The team studies crabs and salmon from their larvae and juvenile stages to adulthood under long-term exposure. Most crab shells are made of chiten, but some have traces of carbon carbonate that would make them prone to erosion at lower pH levels.
It’s still unknown whether ocean acidification is negatively affecting adult crabs and salmon because research is ongoing. The work is difficult because it is long-term and multi-generational, he added.
“We’re not sure if it’s had any current effect on the crabs or salmon stocks in Puget Sound,” McElhany said. “But, what we’re trying to do is understand what we expect to see in the future.”
The team’s experiments have yielded some results though. They’ve found that crab larvae have lower survival and development rates when kept in environments concentrated in C02.
McElhany said there is more evidence to support that shellfish species like mussels and oysters are being negatively impacted because the calcium carbonate shells are more susceptible to acidification.
A shellfish company in Quilcene has been affected by CO2 in Daboo Bay, McElhany said, leading to a couple years with nearly total failures in production. While it’s difficult to pinpoint acidification as the only cause, McElhany said the company moved part of its operation to Hawaii to avoid future headaches in the area.
“It’s expected that it is going to become more and more of a problem,” McElhany said.
Ian Jefferds, general manager of Penn Cove Mussels, said his business is keeping an eye on the problem. He said it’s more of a concern along the coast during the summer upwelling season when deep waters, already low in pH and aragonite saturation, are brought to the surface where shellfish are spawning and shellfish larvae are endangered.
“Inland waters such as the Puget Sound appear to be a bit less susceptible presently to the effects of coastal upwelling,” wrote Jefferds, who is a member of the California Current Acidification Network.
The research station asked Kevin Lungren, president of The Fishin’ Club, to collect virgin female crabs for the studies. It ended up being easier said than done, as the female crabs were hard to find. Some specimens were eventually collected at nighttime.
Lungren felt McElhany’s example of the Titanic helped illustrate the need to study the effects of ocean acidification.
“We just can’t sit back and be complacent and wait for this,” Lungren said.
Lungren wondered if softer crab shells are a direct result of decreasing pH levels. McElhany said it’s unknown.
“Those kinds of studies haven’t been done on Dungeness crab,” McElhany said. “That’s one of the things we’re going to be looking at.”
The team is also determining what the multi-generational evolutionary responses will be, McElhany said.
Pam Kniseley, a Clinton resident and treasurer for the club, said the information was well presented and received favorably by attendees.
“I thought it was really interesting,” Kniseley said. “We have so many (members) that are crabbers.”
Barbara Bennett, who is presenting alongside McElhany at the annual Sound Waters University in February, also attended the meeting.

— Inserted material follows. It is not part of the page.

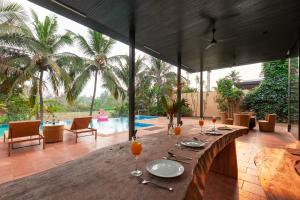 a table with glasses of orange juice and a pool at Bella Canis the Pvt Pool & Lawn at StayVista in Anjuna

Bennett, an environmental educator, said the findings indicate sea life are living shorter lives and gain less weight when they grow in acidic water.
Ultimately, the oceans are changing and sea life are responding to that in ways that are still being discovered, she said.
“The bottom line is that this is real,” Bennett said. “It will have an impact on our oceans, and that we all have an opportunity to be careful stewards of the ocean. That would directly relate to reducing our use of fossil fuels.”